To ensure consistency in data collection, the data were redownloaded from DATASUS on two separate occasions and no differences were identified between the original and the recollected data. There was no missing data on any of the fifteen variables included in the study.
Variables of interest
Primary care human resources
The three variables represent quantitative measures of human resources available in the public primary care system in Rio de Janeiro - the total number of family health teams, total number of community health workers, and total number of the equivalent of family health teams in the city of Rio de Janeiro in each month.
Primary care coverage
The three variables represent percentages of the total population of the city of Rio de Janeiro with access to public primary health care. Public primary health care coverage represents the percentage of the total population with access to either FHS or the traditional primary care model. FHS coverage represents the percentage of the total population with access to the FHS model. Community health workers coverage represents the percentage of the total population with access to community health workers by any of the two models. These variables are based on estimates of the population of the city of Rio de Janeiro in each month and were available in DATASUS.
Primary care services
These variables were organized into three subcategories.

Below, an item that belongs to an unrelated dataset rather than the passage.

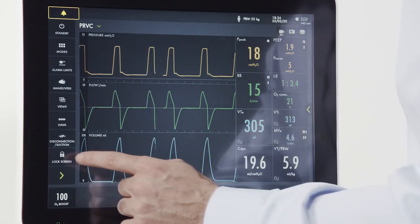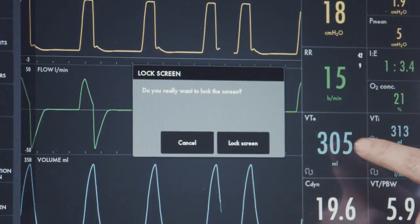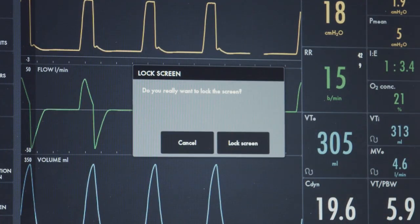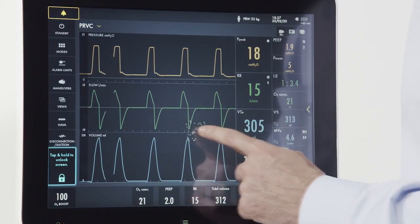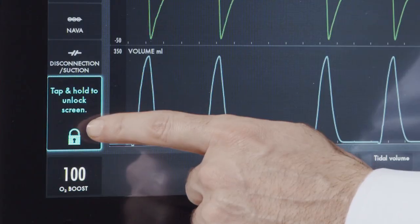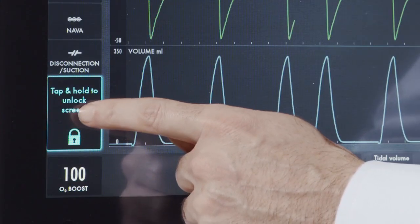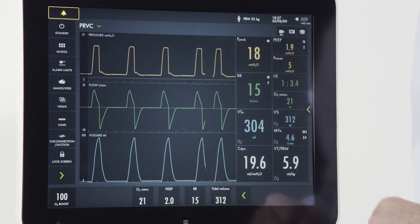The screen can be locked by accessing the lock screen button. By pushing the button, I get an indicator on the screen that says, do you really want to lock the screen? Once the screen is locked, the machine will not respond to regular touches on the screen. To unlock the screen, I go to the indicator, tap and hold to unlock. By pressing for two seconds, the screen will then go back to an unlocked state.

(a) Adults’ health: number of primary care home visits per 1,000 inhabitants, number of adult primary care medical visits per 1,000 adults, and number of adult primary care nurse visits per 1,000 adults.

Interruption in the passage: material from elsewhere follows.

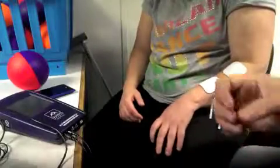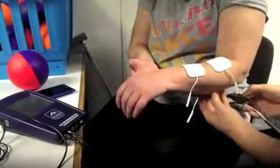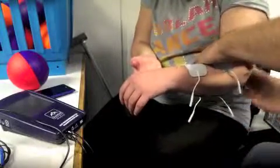These are picking up the EMG of the long finger flexors. So we have one and two, and then we have an earth. The earth can be anywhere.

(b) Children’s health: number of primary care pediatric medical visits per 1,000 children, number of primary care pediatric nurse visits per 1,000 children, and number of vaccine doses for children under 1 year of age.
(c) Women’s health: number of primary care prenatal visits per live birth, percentage of live births with seven or more prenatal visits, and number of primary care Pap smear exams per 1,000 women between 25 and 64 years of age.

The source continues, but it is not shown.